Output every line below as it stands, dropping only the images.

Given data:
- - -

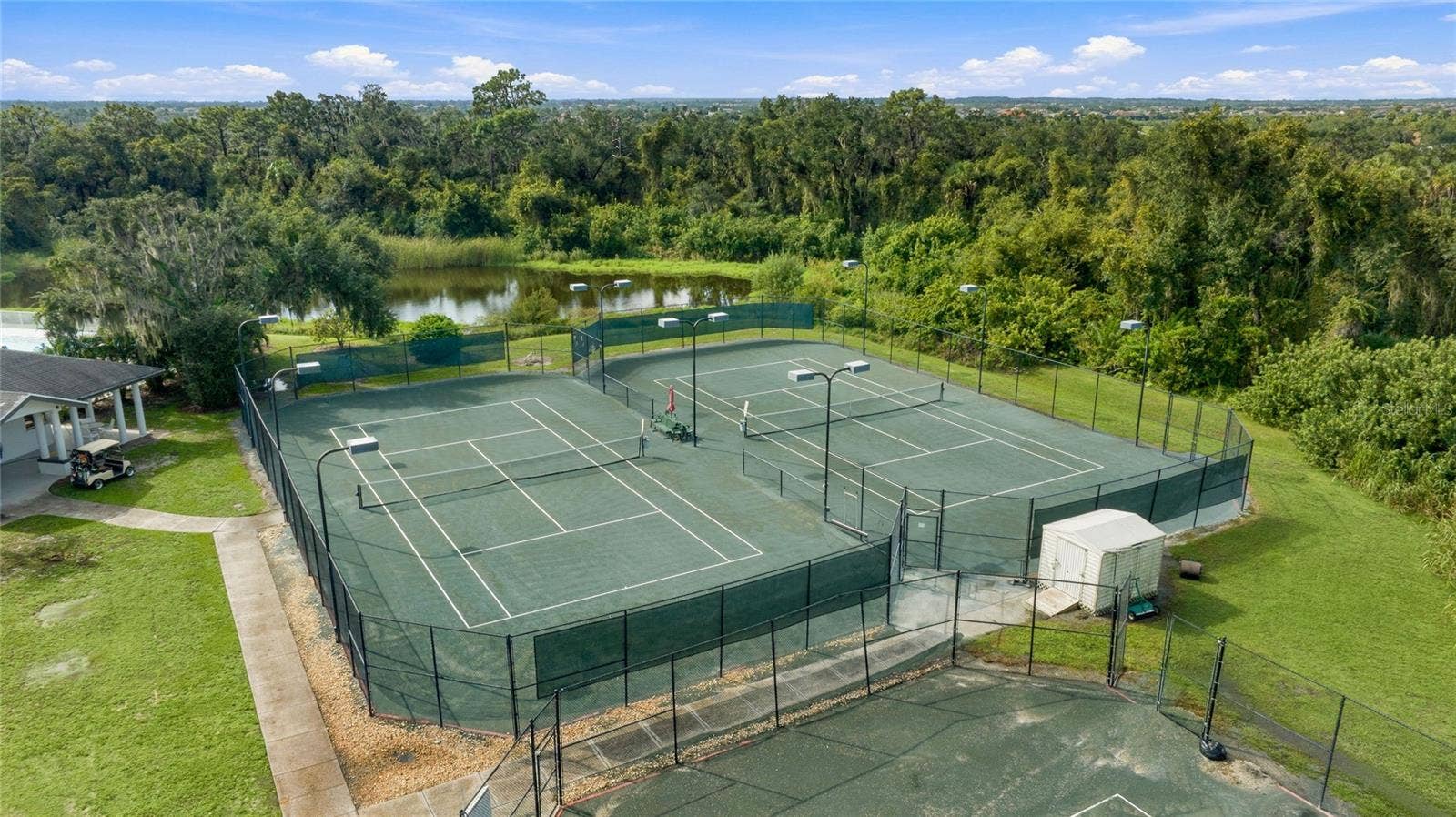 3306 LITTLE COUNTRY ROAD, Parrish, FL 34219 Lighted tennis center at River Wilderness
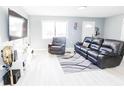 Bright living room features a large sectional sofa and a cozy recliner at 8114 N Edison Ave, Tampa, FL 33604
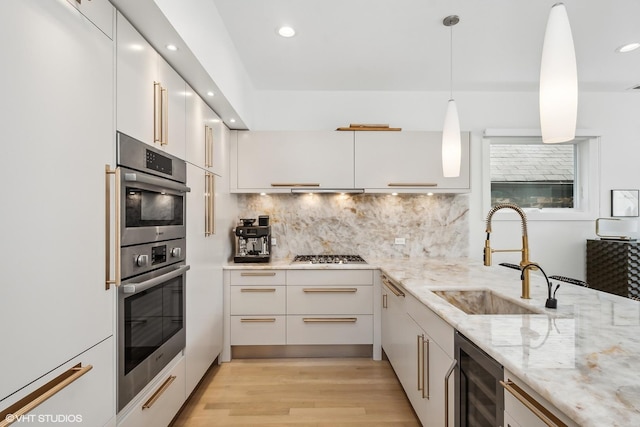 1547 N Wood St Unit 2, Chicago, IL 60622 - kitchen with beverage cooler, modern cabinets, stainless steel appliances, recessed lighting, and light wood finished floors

- - -

Problem solution:
 3306 LITTLE COUNTRY ROAD, Parrish, FL 34219 Lighted tennis center at River Wilderness
 Bright living room features a large sectional sofa and a cozy recliner at 8114 N Edison Ave, Tampa, FL 33604
 1547 N Wood St Unit 2, Chicago, IL 60622 - kitchen with beverage cooler, modern cabinets, stainless steel appliances, recessed lighting, and light wood finished floors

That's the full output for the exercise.